The TUC claims that safety reps are being undermined by a lack of support from employers and the government’s official safety watchdog, the Health and Safety Executive (HSE).
According to a survey of unions featured in the TUC-backed health and safety magazine Hazards, the top problem facing union safety reps is the difficulty of getting employers to act on safety concerns.
Getting employers to listen was ranked as the number one problem by 35 per cent and as a top three problem by 90 per cent of reps surveyed.
Another problem ranked in the top three by most respondents was getting the legally-allowed time off for training and to undertake inspection, investigation and other workplace safety functions.
The TUC says that because union safety reps are able to spot dangerous areas of the workplace and identify ways of working that can make staff ill, they are able to reduce the number of days lost to UK businesses by as much as 616,000 days a year. Even conservative estimates suggest that union reps already prevent over 11,000 cases of work-related ill-health or injury a year.
At the moment if a safety rep wants to do something about an employer who is refusing to give them the time to carry out their duties, their only recourse is to go to an employment tribunal. As a result, the majority of reps don’t take the issue any further.
The TUC would like to see the HSE provide safety reps with far more support and take legal action against employers who consistently fail to give safety reps enough time away from their jobs to carry out their safety duties properly.
Worryingly, a third of all the survey respondents (35 per cent) said one of their top problems was getting support from the official safety enforcement agencies. This is reflected in official enforcement statistics, which show no record of the HSE ever prosecuting an employer for breaching the regulations on safety reps’ rights.
TUC general secretary Brendan Barber said: “Up and down the UK, thousands of safety reps are trying to make work safer for their colleagues, in some cases with little help from employers. It would make the world of difference to the poor safety record of UK workplaces if the HSE gave safety reps more support and got tough with bosses who refuse to give safety reps their legally entitled time off.”

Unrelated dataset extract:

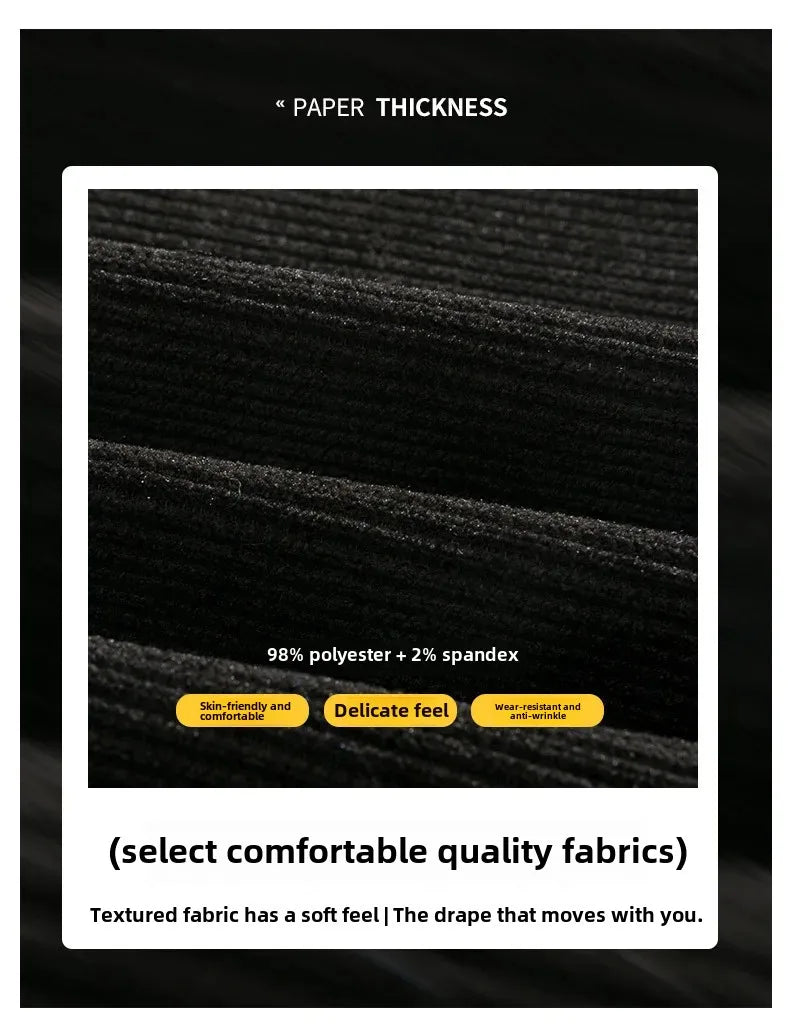 Trendy Corduroy Men's Pants Casual Fleece-Lined Loose-Fit Straight-Legged Sweatpants Autumn Winter High-Quality Foreign Trade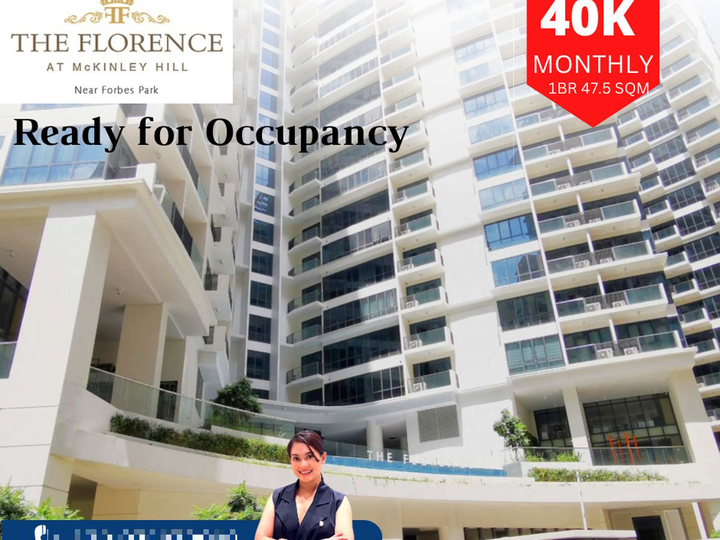 Mckinley Hill, Ready for Occupancy-Rent to Own Condo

Stirling University senior occupational health researcher Rory O’Neill, who undertook the survey, said: “With more people in work and a massive increase in the number of workplaces nationwide, the HSE should be grateful for all the help it can get and must provide robust support for safety reps at work.
“This isn’t just common sense, it is the law – and as the workplace law enforcement agency, the HSE must ensure it is observed.”